92 minutes | MPAA rating: PG

“Paris Can Wait” is piffle. But it’s pleasant piffle.

Written and directed by Eleanor Coppola — yes, Francis’ wife and Sofia’s mom and the director of the killer doc “Hearts of Darkness” (about the making of “Apocalypse Now”) —  it stars Diane Lane as an American wife thrown together with a charming French fellow for a road trip from Cannes to Paris.

The film will appeal to women looking for a romance with a distinctly feminine perspective…and of course to guys who just like watching Diane Lane.

The film begins on the Riviera where Anne and her producer husband Michael (Alec Baldwin) have been attending the film festival. The plan is for the couple to fly to Budapest where Micheal has a movie in production, but an ear ache grounds Anne.

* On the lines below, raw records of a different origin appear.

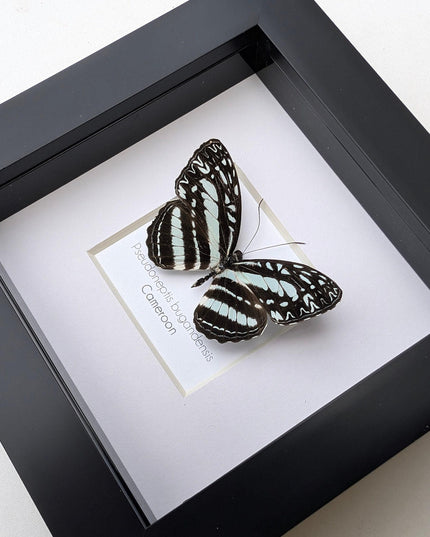 Framed Blue Sailer Butterfly Display, Ethically Sourced Taxidermy Gift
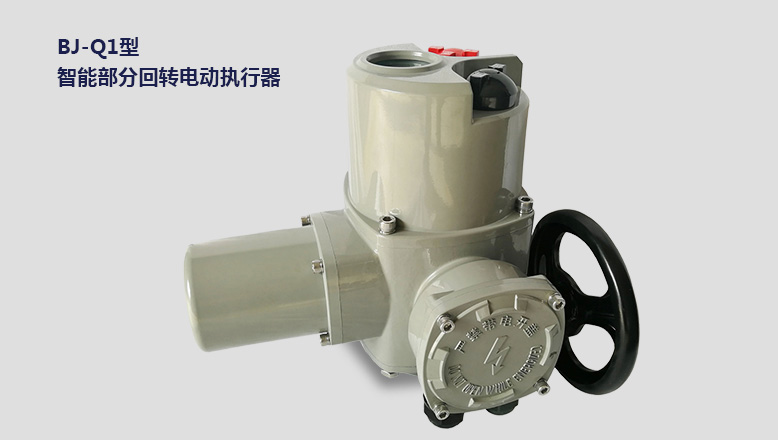 部分回轉(zhuǎn)系列智能型電動(dòng)執(zhí)行器 部分回轉(zhuǎn)系列智能型電動(dòng)執(zhí)行器
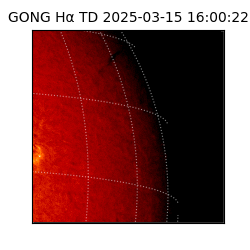 gong - 2025-03-15T16:00:22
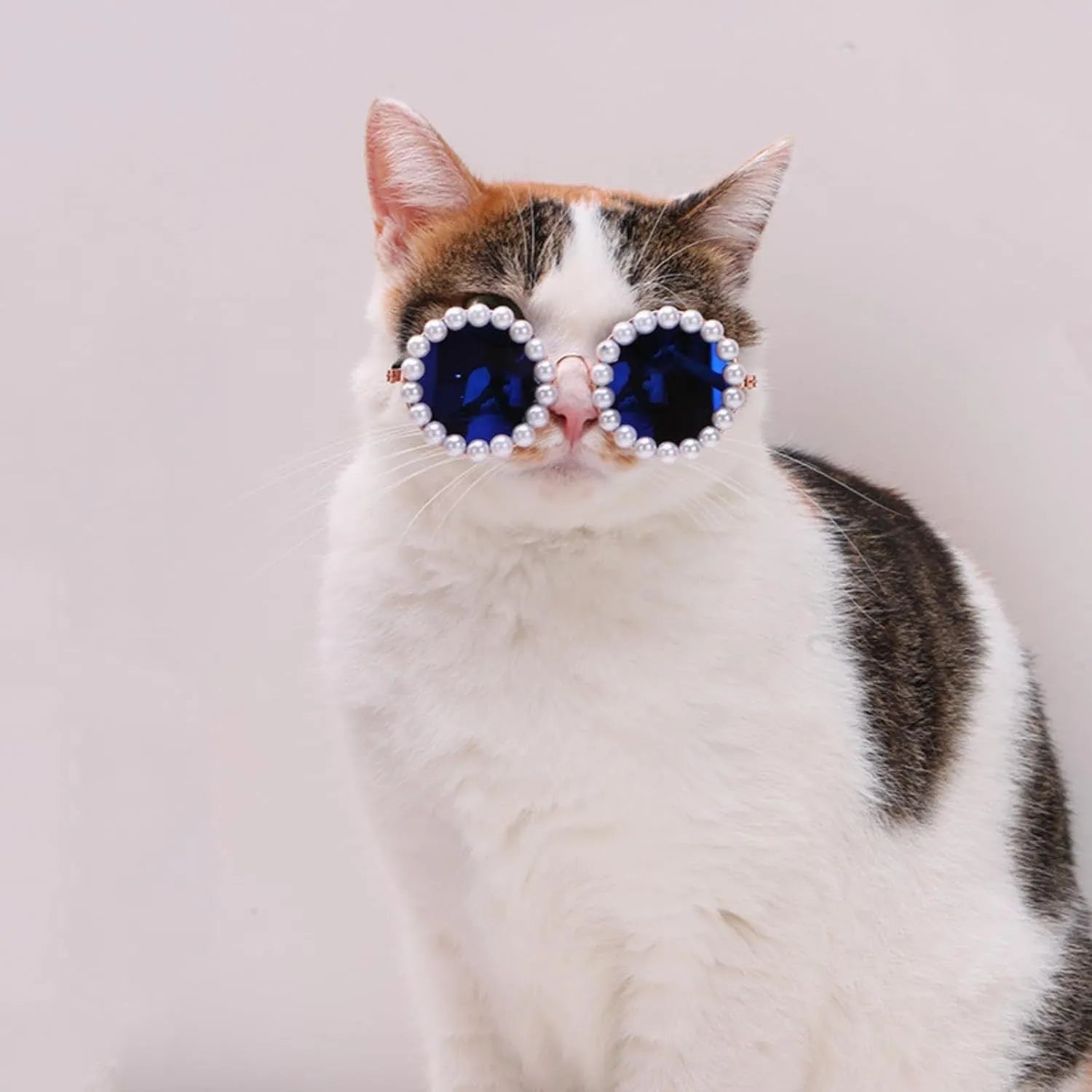 Pearl-rimmed round sunglasses for a cat or dog on a festive background.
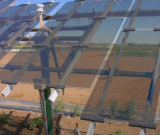 How Agrivoltaics Can Double Farming Productivity While Improving The Soil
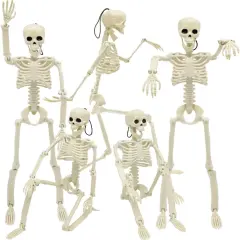 5 Packs 16" Halloween Skeletons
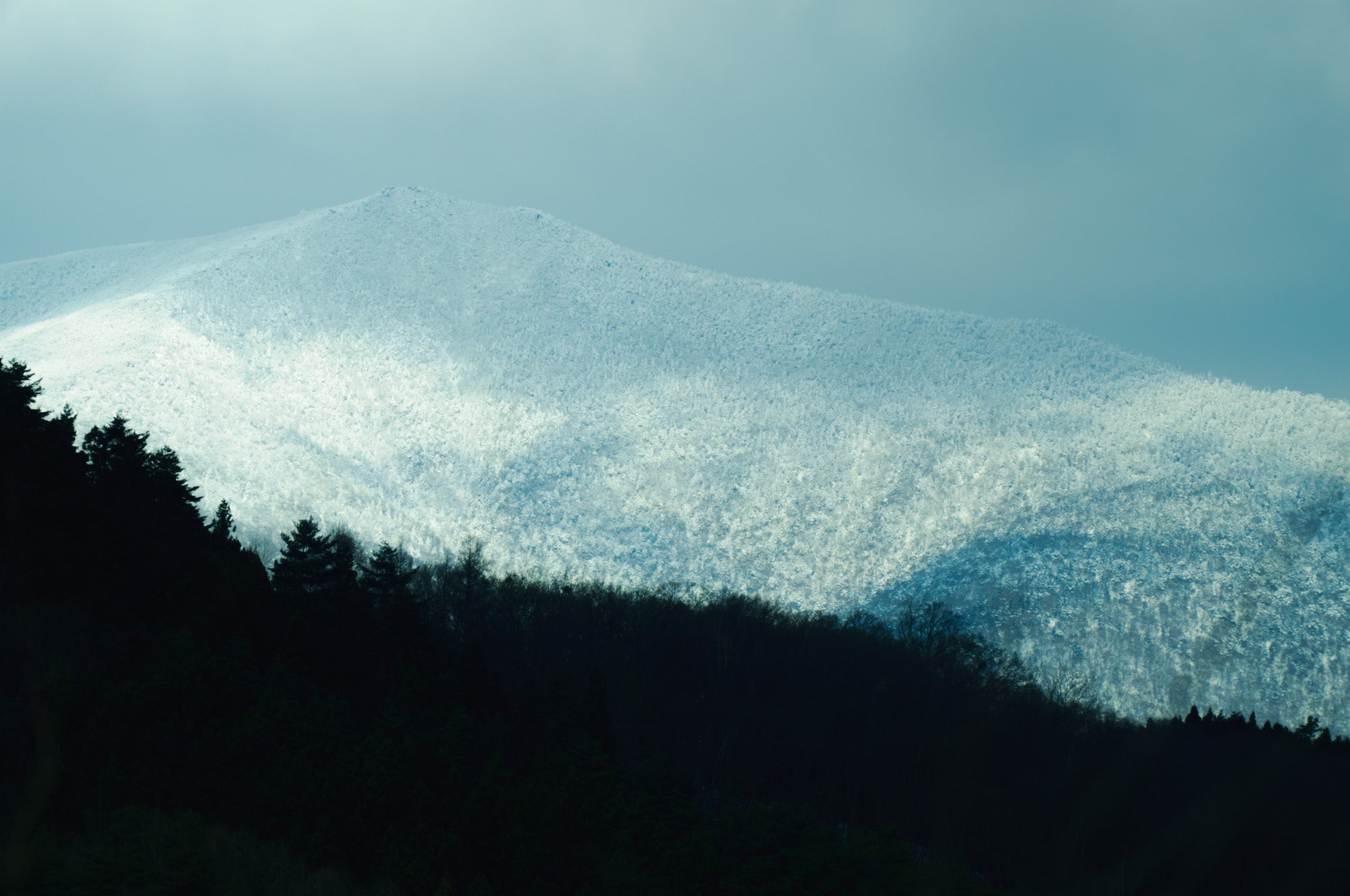 Full width image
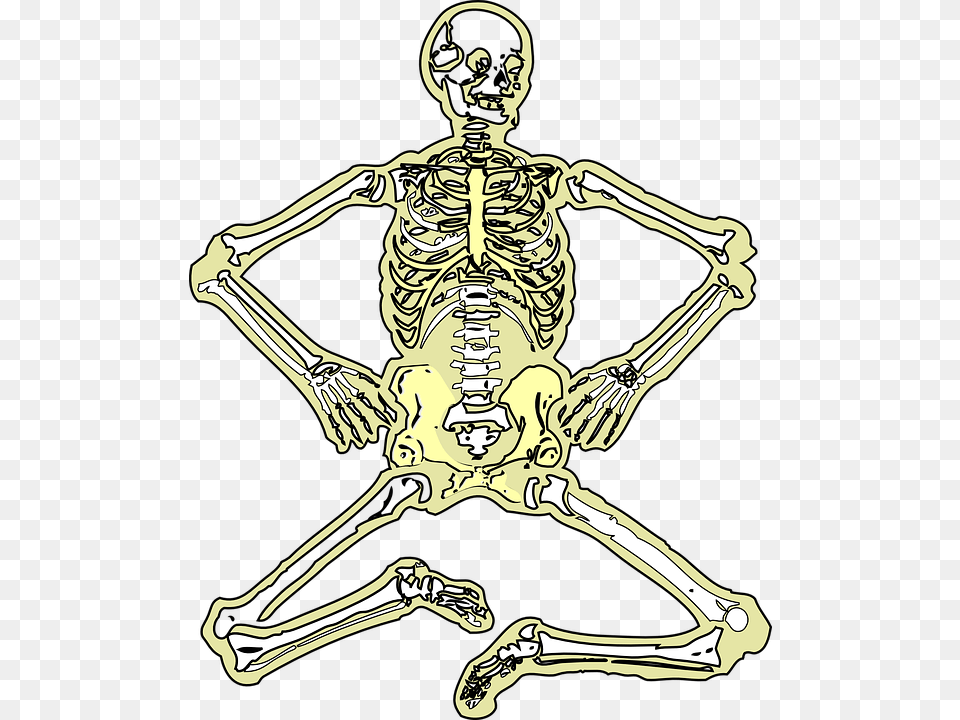 Skeleton Dead Bones Skull Human Medicine Human Skeleton, Adult, Male, Man, Person Png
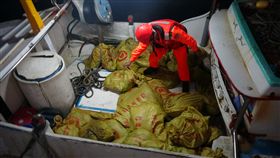 海巡,K他命,漁船,澎湖
圖／中央社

Michael’s business associate Jacques (Arnaud Viard) offers to drive Anne to Paris. He’s got a spiffy sporty convertible (which he drives like a teen on his first solo cruise); why doesn’t Anne take the scenic route as his co-pilot?

What was supposed to be a one-day drive turns into an extended trek.  The bachelor Jacques has a decidedly Gallic take on time management and cannot pass an attraction without showing it to Anne. And he has an encyclopedic knowledge of every good restaurant along the route.

“I can’t remember the last time I played hooky in the afternoon,” Anne marvels.

There are stopovers for an awesome ancient Roman acquaduct, and for museums dedicated to the Lumiere Brothers (the fathers of cinema) and textiles (one of Anne’s passions).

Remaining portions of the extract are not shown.